Maintenance Team Takes Charge of Data Center
Part 3 of a 3-part article on data center expansion at Frito-Lay headquarters
The role of in-house maintenance and engineering departments in upgrade projects varies greatly depending on department workloads, department skill levels and experience, and project deadlines. In the case of Frito-Lay, Guck’s department played a central and active role.
“Our facilities team was responsible for all the construction work on campus,” he says. “After reviewing what the outside consultant had originally suggested along with the budget and timeline, we recommended a complete change in strategy to expand the building adjacent to the main electrical room to support the space for the new power paralleling switchgear.”
“Our team took the lead in negotiating the new paralleling switchgear (and in) the design of the building construction, (and) we hired the general contractor and managed the overall project from a day-to-day perspective.” The upgrade did present several difficult challenges.
“The main challenges we faced were implementing the project without power shutdowns and replacing the 24-year-old UPS (uninterruptible power supply) with a new, larger UPS with a flywheel back-up.”
Benefits all around
Upgrade projects of any kind can provide benefits to organizations that go far beyond the installed equipment and the additional performance and capacity they provide. In some cases, they also can provide benefits for departments involved in the planning and execution of the upgrade. For Guck and his department, one such benefit was knowing that their performance on the upgrade project resulted in delivering a successful project that was completed well ahead of schedule and under budget.
“The project was completed in nine months versus the original estimate of three years,” Guck says. “Our corporate policies do not allow us to share the total cost of the project, but I can share (that) our costs to complete the project came in nearly 50 percent less than the original projection.”
Not surprisingly, the project also delivered benefits to the department related to the impact on maintenance and engineering activities.
“One of the biggest advantages of the upgrade is the flywheel backup versus the wet-cell batteries, which we considered, but (that) would have required additional building space for the new batteries,” he says. “Wet-cell batteries have a much higher maintenance and replacement cost.”
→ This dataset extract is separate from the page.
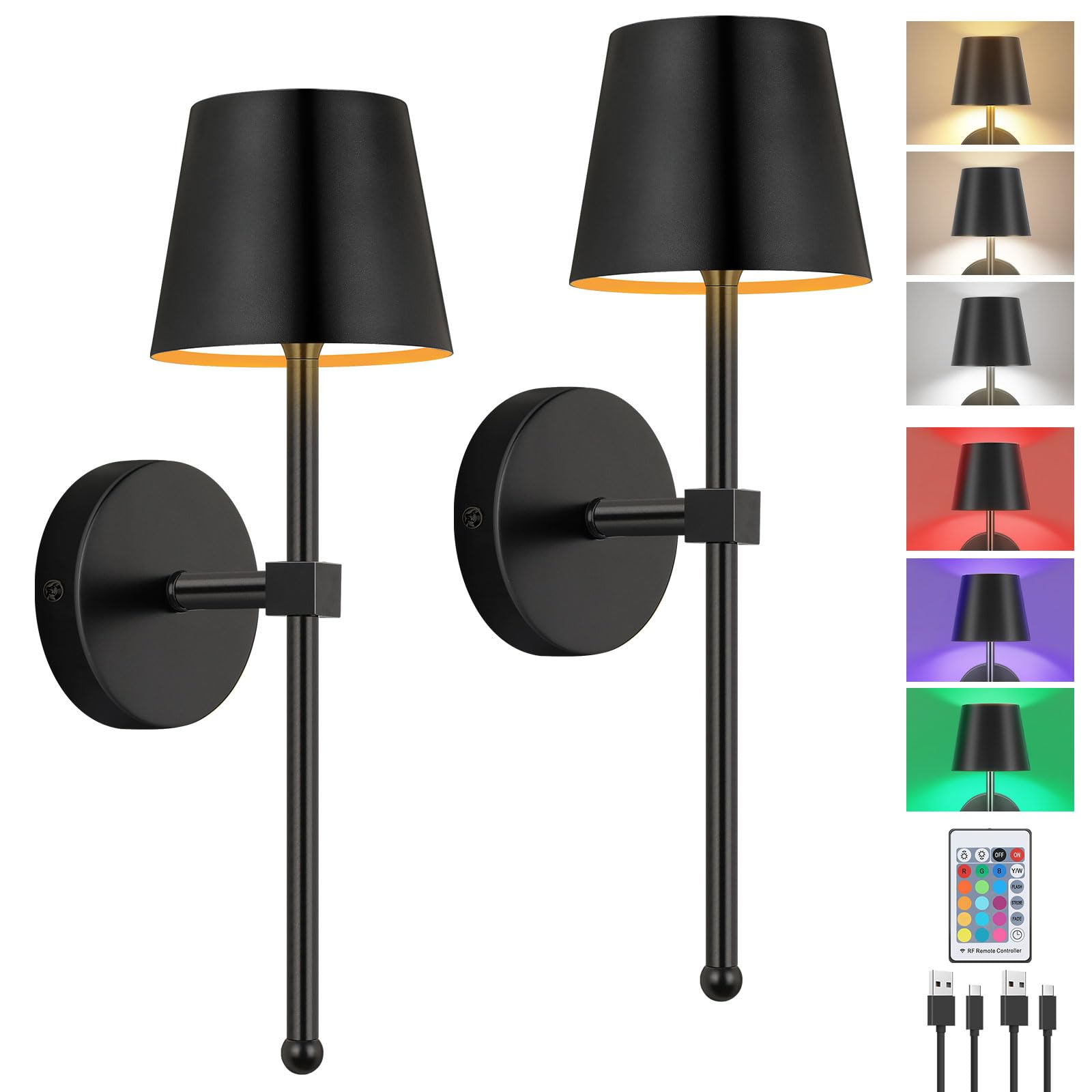 LIGHTESS Battery Operated Wall Lights, 5200mAh Rechargeable Wall Sconces Set of Two with Remote Control, 15 Colors RGB Indoor Di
Perhaps the most meaningful impact of the project on the department related not as much to technical skills and advanced technology as to the ability to successfully envision, plan, schedule and execute such a complex project that involved systems and operations vital to the company’s long-term financial success.
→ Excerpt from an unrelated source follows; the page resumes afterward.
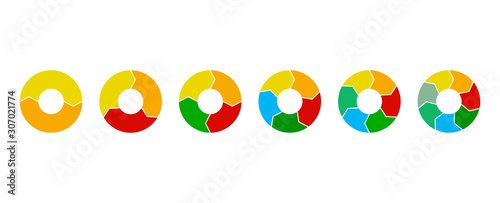 Circular infographics. Pie charts with 2, 3, 4, 5, 6, 7, 8, 9, 10 steps, options, parts with arrows. Vector business templates in blue and yellow for presentation.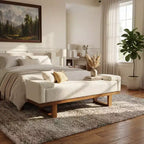 Christopher Knight Home Paulina moderne bank van rubberhout met bouclébekleding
“The greatest lesson we learned was to challenge the normal expectations and assumptions presented — to determine our options versus what we were told could be done,” Guck says. “Those lessons included flywheel backup and the fire protection Halon expansion, compared to the new gas fire-suppression system. We also determined methods of implementing cut-overs and found that innovative, out-of-the-box thinking did have significant paybacks for the company.”